中江岩戸神楽と地域再生

2022年11月07日

 
 6日(日)午後1時から、阿蘇市波野地区の国選択無形民俗文化財・県重要無形民俗文化財に指定されている「中江岩戸神楽」の公演を見に行きました。今年は4月3日に初回の公演を開始し、その折も参加しました。以来毎月第一日曜日に定期公演を行います。今年は残念ながらコロナで7、8月は中止となりましたが、その後、再開してこの日に千秋楽を迎えました。会場には神楽の愛好会の方々が200人ほどお集りになり、神楽殿で奉納される神楽を真剣に観賞されました。

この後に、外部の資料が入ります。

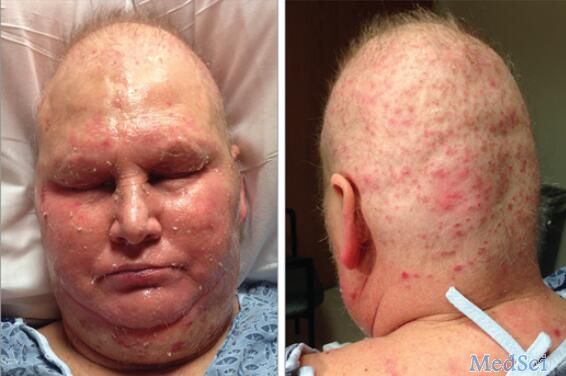 缺乏微量元素怎么补（缺乏微量补元素吃什么）-硒宝网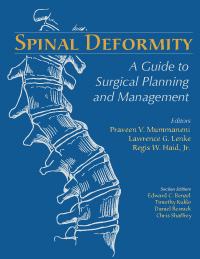 Spinal Deformity: A Guide to Surgical Planning and Management + DVD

 この「中江岩戸神楽」が凄いのは、小学生から高校生・一般の成人の方まで後継者がきちんと育っているという事です。長年指導されてる佐藤義勝さんを中心とする保存会の方々が、20年以上も前から、小学校の低学年の児童に神楽の舞を徹底して教え込まれます。その子供たちが今や、高校生や成人になり、そして新たな小学生もすでに立派に神楽が舞えるようになり、世代を超えて神楽が奉納されています。
 この日も小学生、中学生ら5人が色鮮やかな衣をまとい、神楽第11番「五方礼始」(ごほうれいし)という神楽から始まりました。午後4時までに20座が奉納され、皆さんカメラのシャッターを切っておられました。

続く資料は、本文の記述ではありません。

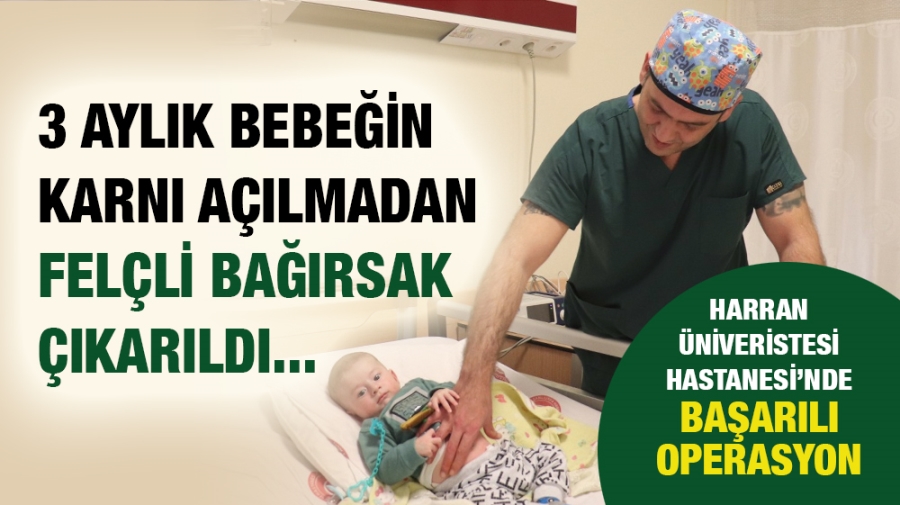 3 AYLIK BEBEĞİN KARNI AÇILMADAN FELÇLİ BAĞIRSAK ÇIKARILDI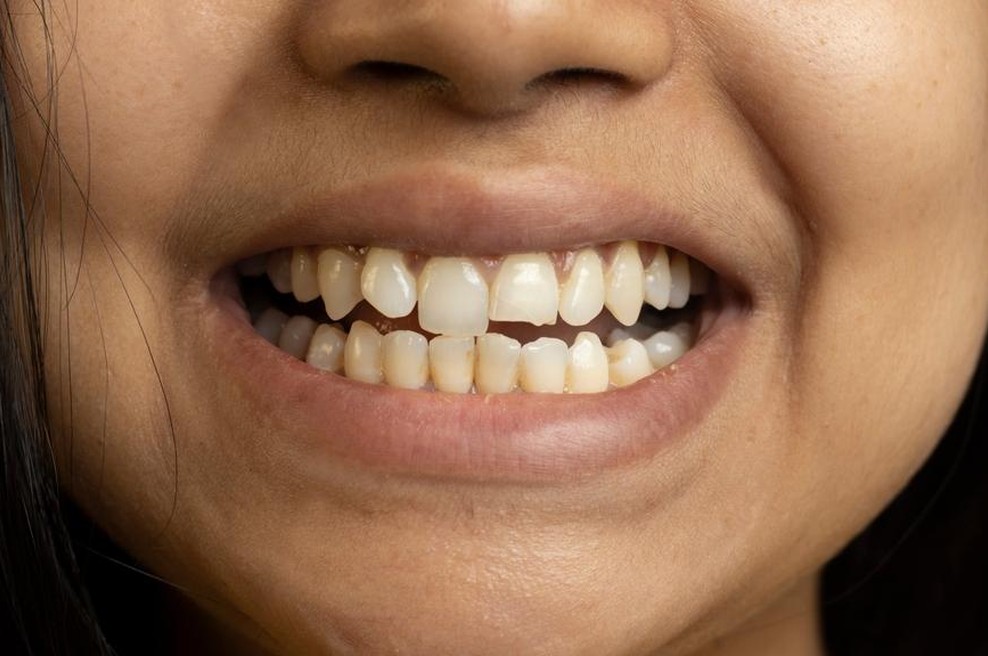 Kaj pomeni, če imate krive zobe? (foto: shutterstock)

 ただし一見華やかな光景ですが、神楽が行われる阿蘇市波野地区(旧阿蘇郡波野村)は人口減少が激しく、農業もなかなか厳しいのが現状です。阿蘇市と合併して更に人口減少に拍車がかかり現在の人口は1200人程。波野小学校の児童数は40人程です。集落が点在していますが、いずれも空き家や廃屋が多く、若者の姿は少なくなりました。典型的な山間地の過疎地帯です。

 このままにしておけば更に過疎化が進みます。国の過疎政策を適用しても如何ともし難い状況に変わりはありません。必死に頑張っておられる佐藤さんや小中学生のためにも何らかの歯止めをかけたいところです。

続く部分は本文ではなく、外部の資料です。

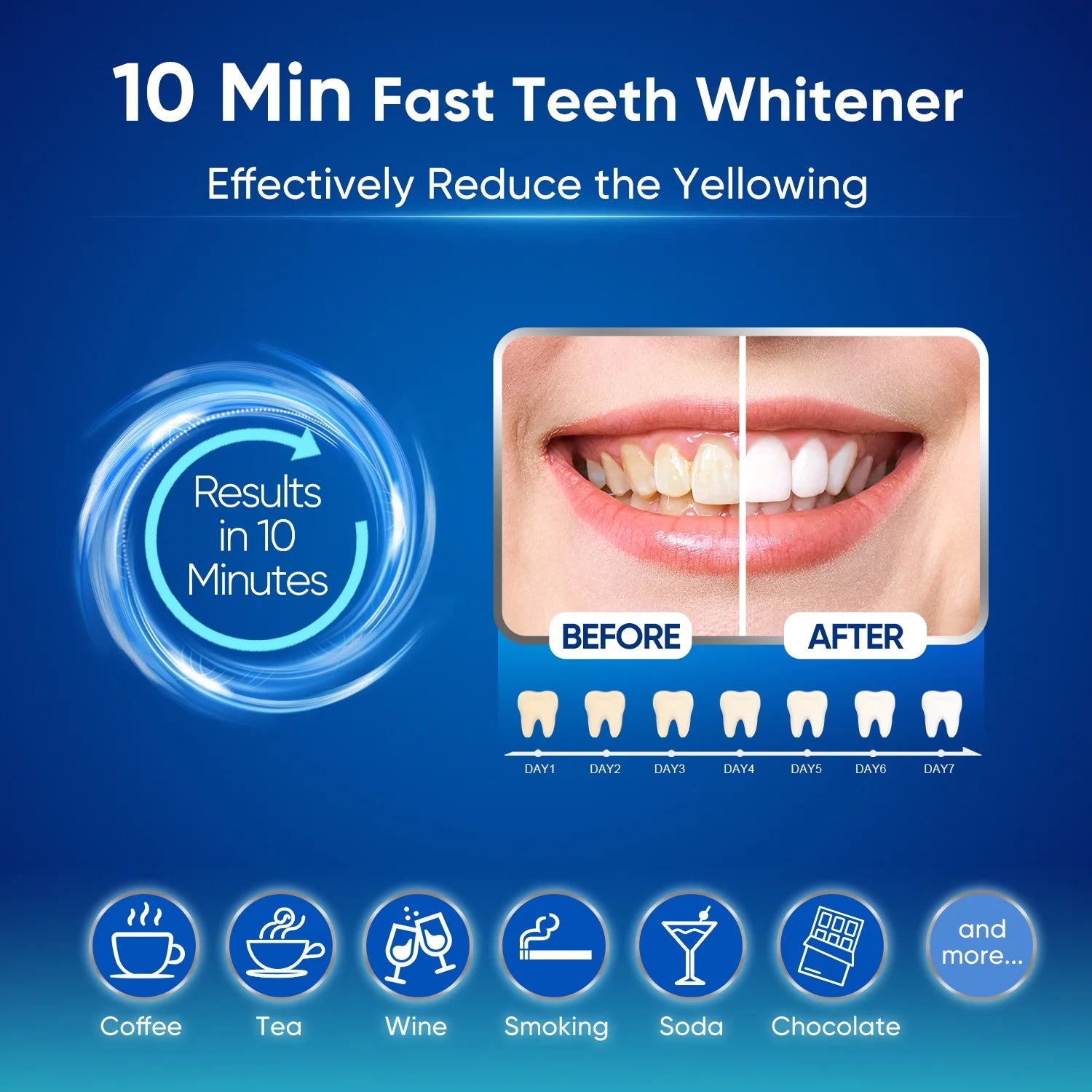 10Pc X 3Ml Peroxide Teeth Whitening Gel Refill Tooth Whitener Non Sensitive, Economy Packaging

 主な産業は農業でキャベツやトマト栽培です。阿蘇の奥地の高冷地ですので高冷地野菜として夏場を中心に出荷されます。
 以前に、波野地域から「トマトを安定的に出荷したいので、モスバーガーなどのファストフードなどの企業と契約を結べるようにして欲しい」という要望もありました。しかし、「波野は夏場だけの出荷となり、年間を通して安定的な出荷には至らず難しい」という事でした。
 このような過疎地はなかなか振興策が見つかりません。何とか波野地域の特色を生かして、食品産業やレジャー施設など企業が進出できるようにしていきたいと考えています。

 「過疎地域の再生」-人口減少の中で厳しいものがありますが、何とかチャンスをつくりたいものです。